El sector de los cuidados parece ser el único que sigue funcionando sin problemas. De los 369.000 puestos de trabajo netos creados en toda la economía desde principios de 2025, el sector sanitario representó casi 800.000, lo que significa que todos los demás sectores, en conjunto, perdieron empleos.

En el Goodwill Excel Center de Baltimore, donde los adultos obtienen sus diplomas y se capacitan para nuevas carreras, el coordinador Joe Binder sabe exactamente a dónde orientar a sus graduados. "Seguimos viendo muchísimas vacantes en el sector de la salud“, afirmó.

El interés por el programa de reconversión profesional se ha disparado: Jonathan Balog, responsable de marketing de la escuela, afirmó que hay aproximadamente 400 personas en lista de espera. “La demanda es enorme”, declaró.

A la sensación de desorientación de los trabajadores se suma el hecho de que diferentes sectores de la fuerza laboral se están debilitando en diferentes momentos: los empleados federales se enfrentan a despidos masivos, la logística y la manufactura se contraen tras el auge provocado por la pandemia, y la contratación de personal administrativo se paraliza silenciosamente.

Lea con detenimiento los requisitos para que al momento de aplicar no le falte ningún documento - crédito Agencia Pública de Empleo Sena
El sector de la salud sobresale como el principal generador de empleo en EE. UU. en medio de la desaceleración de otras industrias (Crédito Agencia Pública de Empleo Sena)

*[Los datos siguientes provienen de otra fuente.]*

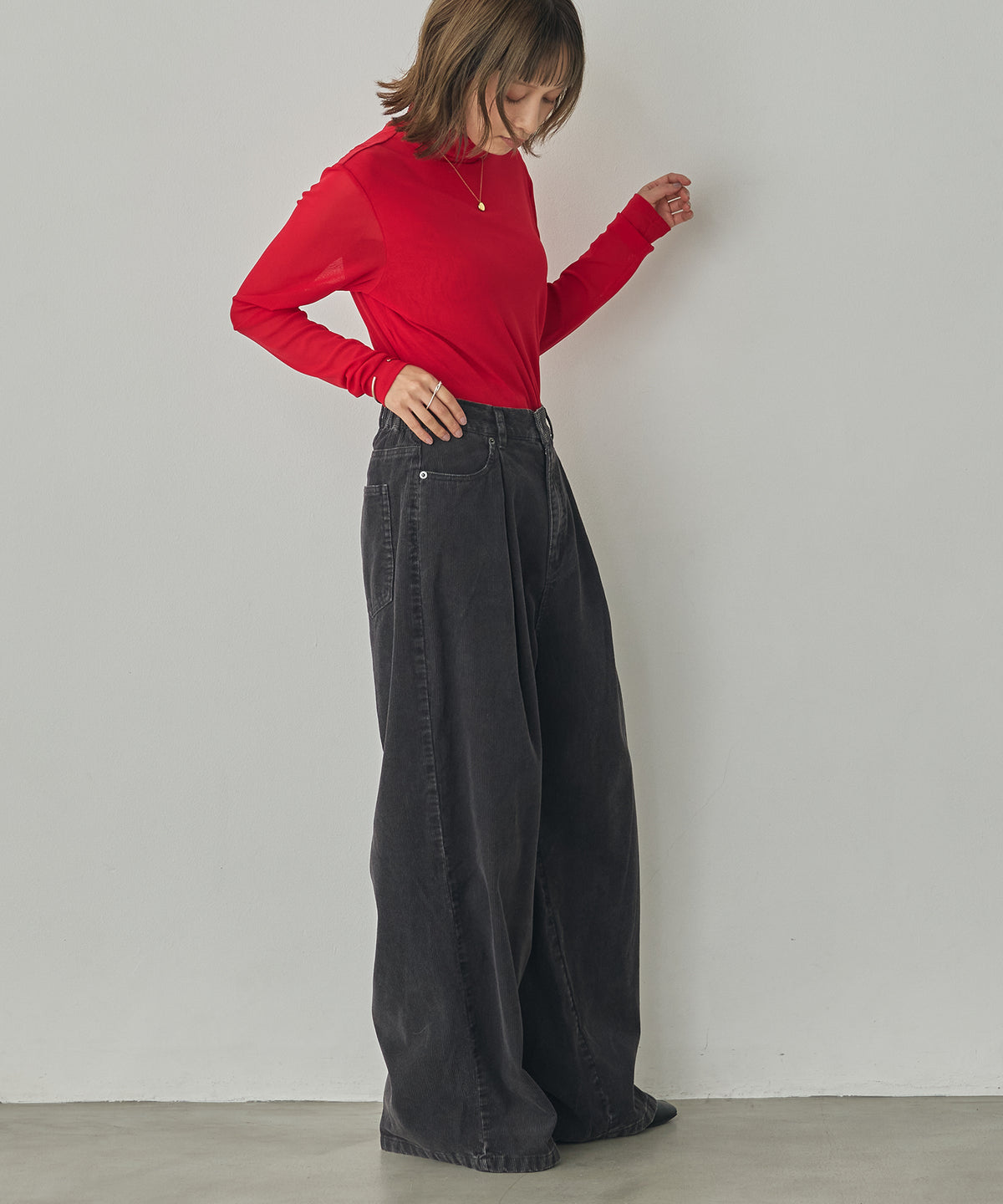 CORDUROY WIDE-LEG PANTS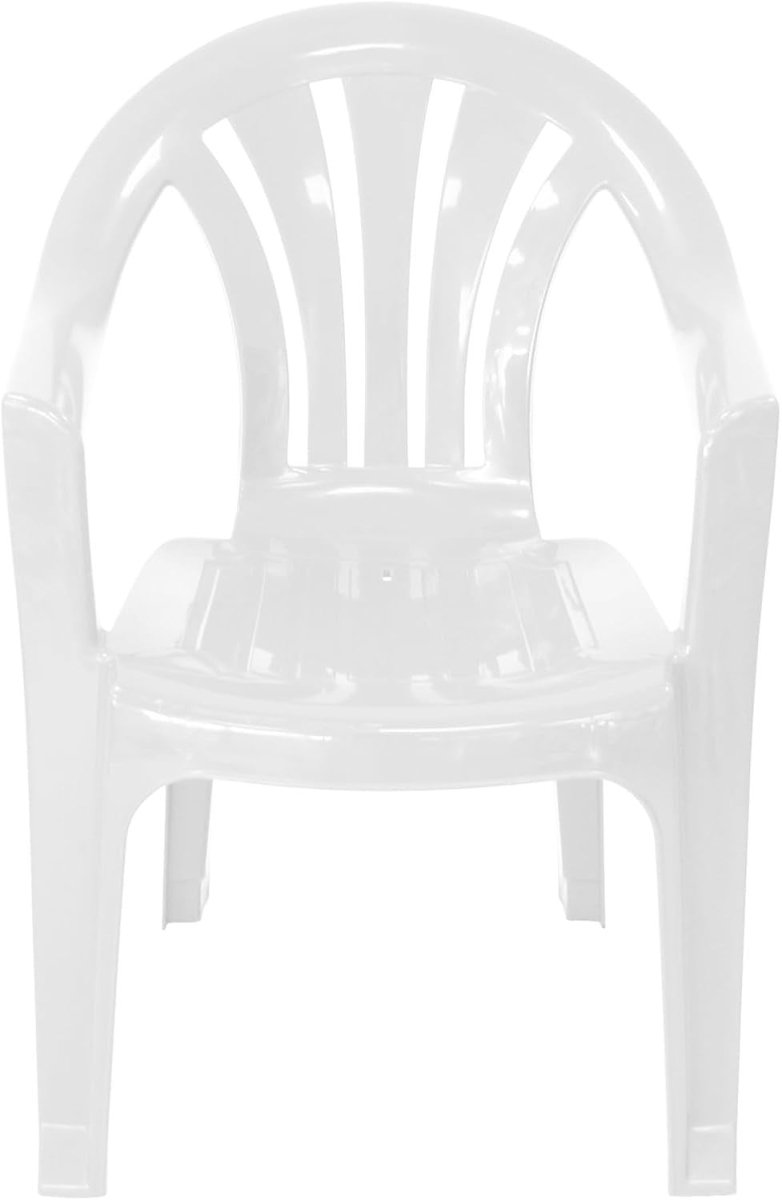 Stackable Plastic Garden Chair Indoor Outdoor Patio Dining Seat White - Kwikley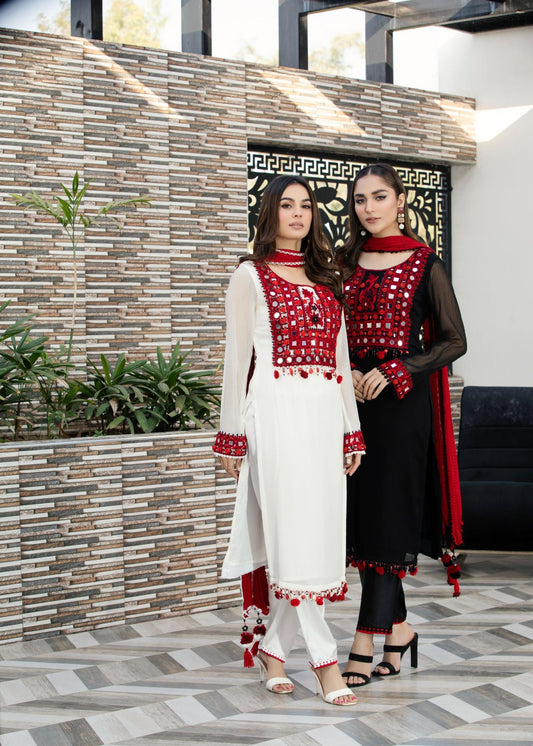Black Hand Embroidered Crinkle Chiffon Salwar Suit Online in Dubai DXB UAE Abudhabi Meena Bazaar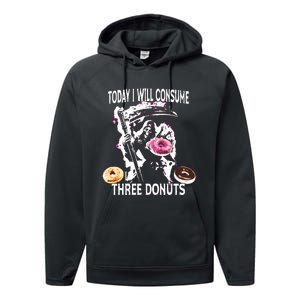 Today I Will Consume Three Donut Funny Reaper Performance Fleece Hoodie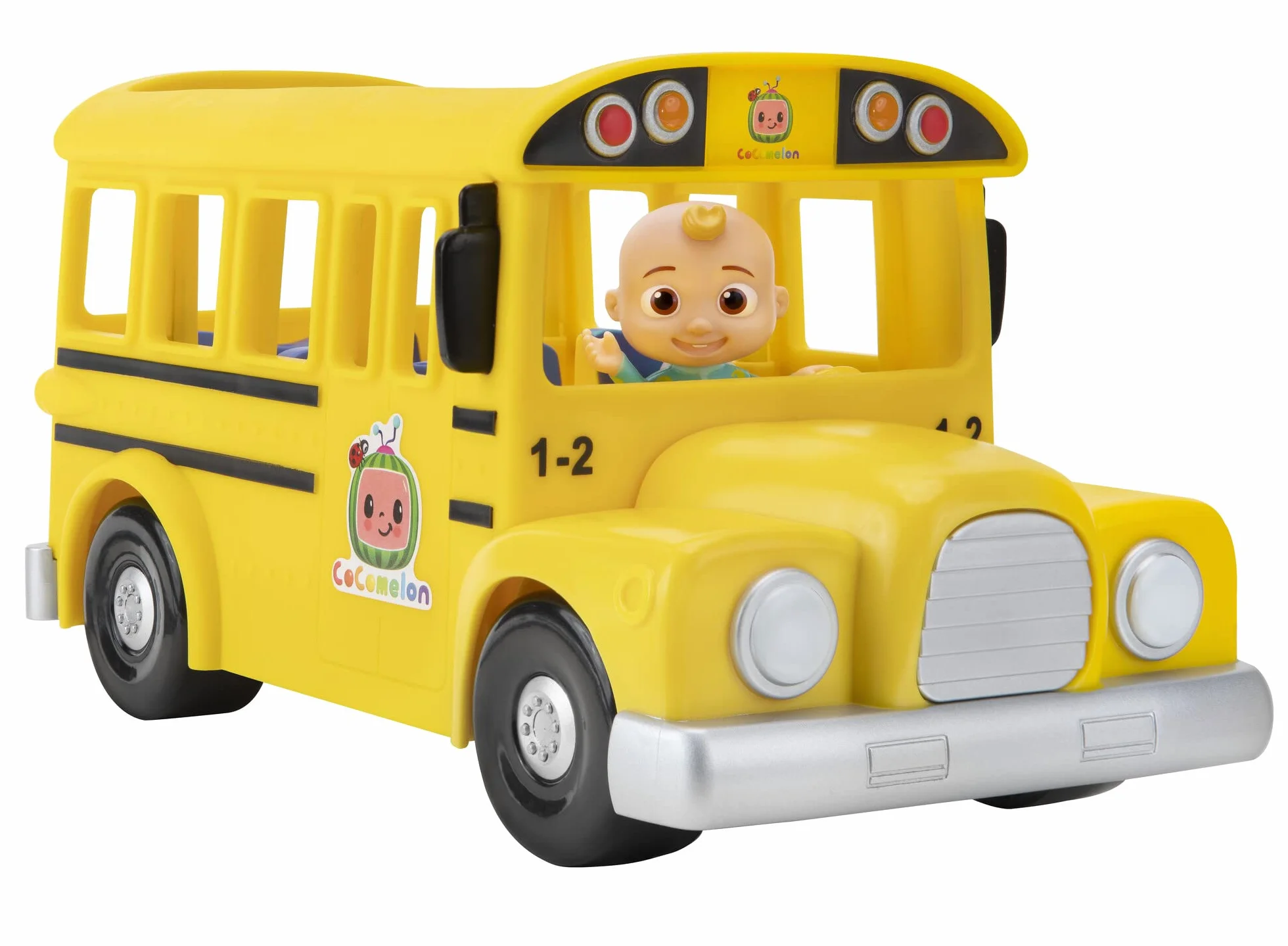 CoComelon CMW0137 Bus de Mitsing avec Musique et JJ, Version Allemande, pour Enfants dès 2 Ans, Jaune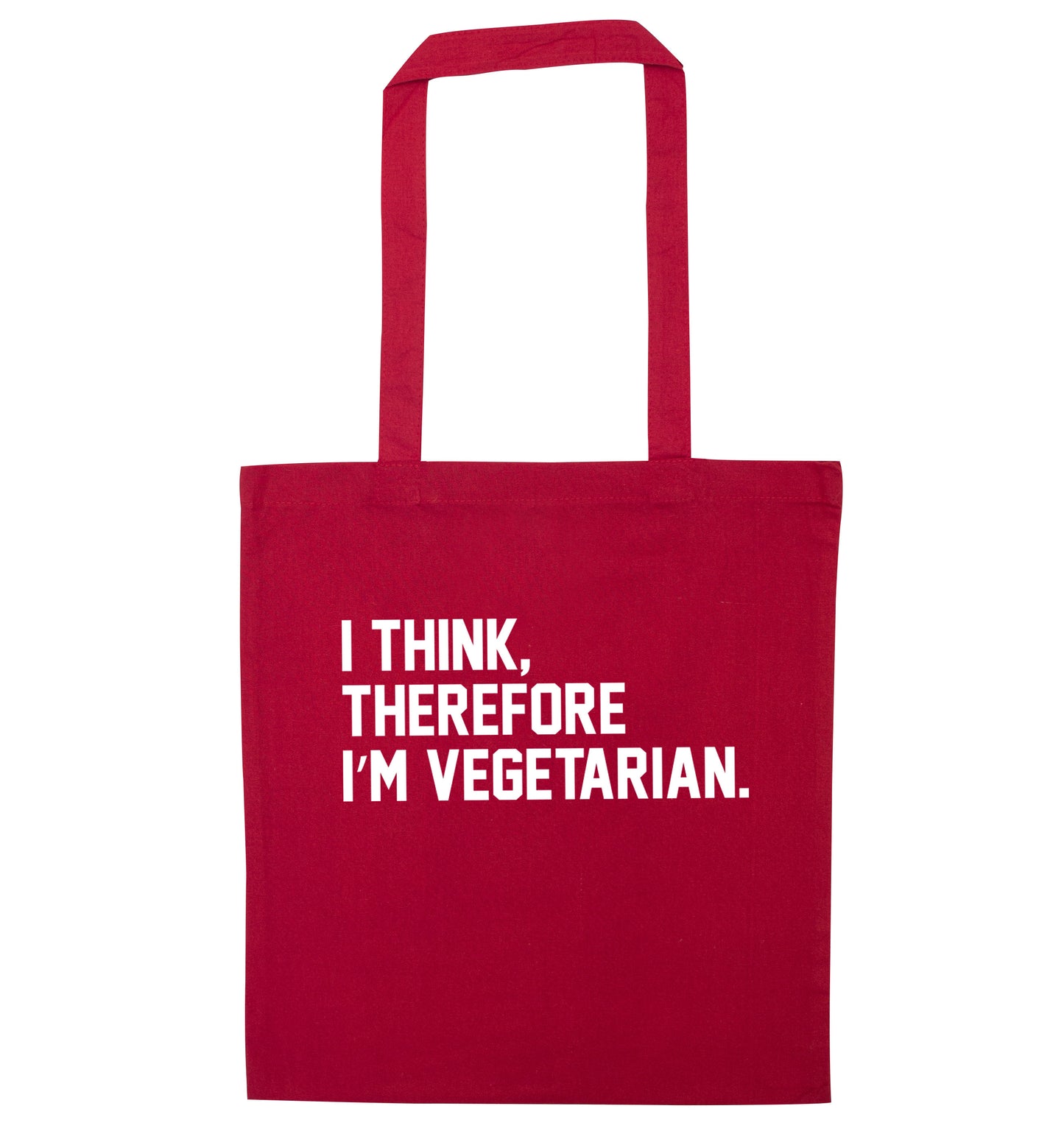 I think therefore I'm vegetarian red tote bag
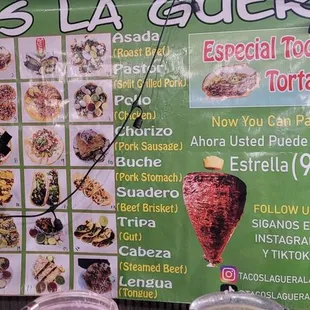 a menu for tacos la guera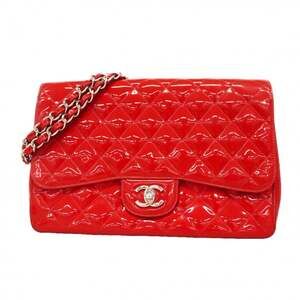 Chanel Shoulder Bag, Large Matelassé, Double Chain, Patent Leather, Red, Women's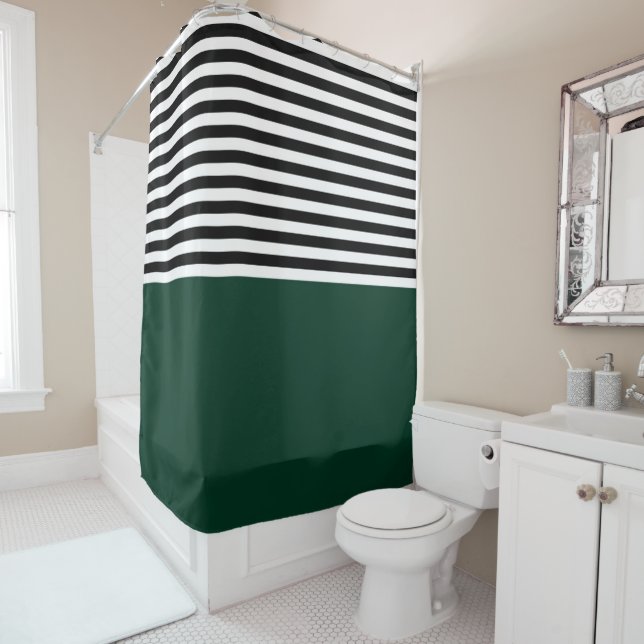 Rideaux De Douche Vert foncé avec bandes noires et blanches (En situation)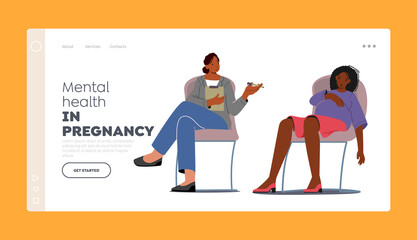 Perinatal Class Landing Page Template. Coach and Anxious or Tired Pregnant Female Character Discussing Maternity Issues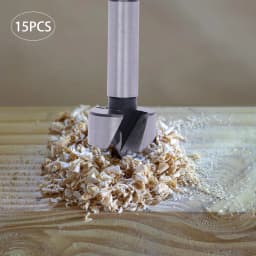15pcs Drill Bit Sets 10mm - 50mm Hole Saw Cutter Set with Depth Stopper Hinge Boring Hole Saw for Woodworking Furniture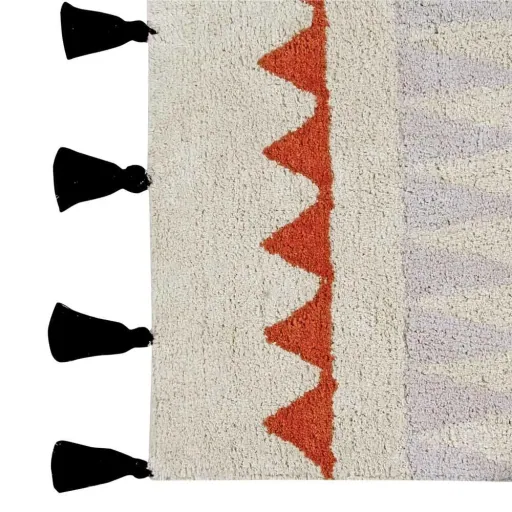 Lorena Canals Tapis motif aztèque naturel terracota, Taille: 140 x 200 cm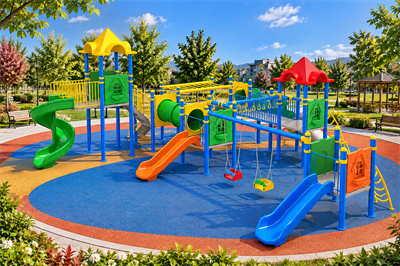 Çocuk Oyun Parkı, Altı Kuleli Dört Kaydıraklı 10mx9,5m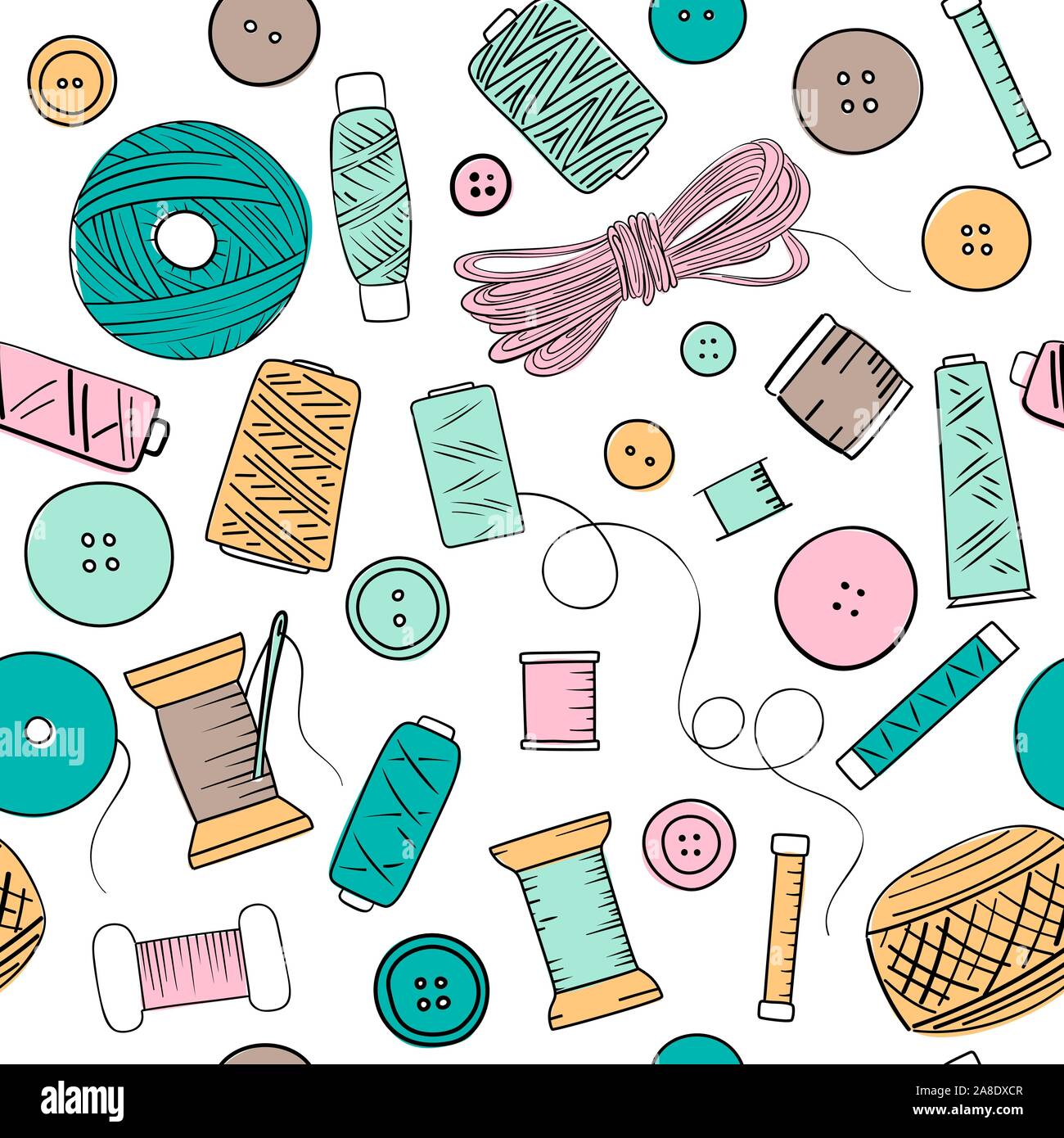 Sewing threads set seamless pattern template Sewing threads. silhouette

Kevin Gordon, jefe de investigación macroeconómica del Centro Schwab para la Investigación Financiera, tiene un nombre para este fenómeno: "recesiones laborales sucesivas“. En lugar de una recesión generalizada que desencadene una crisis nacional, las dificultades afectan a un grupo tras otro.

Incluso las organizaciones que llevan más de un siglo ayudando a la gente a encontrar trabajo reconocen que el futuro se ha vuelto más difícil de predecir. “Nadie tiene claro cómo será el mercado laboral”, afirmó Katy Gaul-Stigge, presidenta y directora ejecutiva de Goodwill Industries of Greater New York and Northern New Jersey.

Munro, la experta en política oceánica, pasó meses trabajando en el almacén junto a un antiguo diseñador gráfico y un excontratista informático cuyo trabajo en el Servicio Forestal había terminado al expirar su contrato, cada uno con su propia versión de la misma historia.

En enero, el gobierno federal la recontrató. Su regreso le brindó alivio, pero no disipó su temor de que la situación aún estuviera cambiando.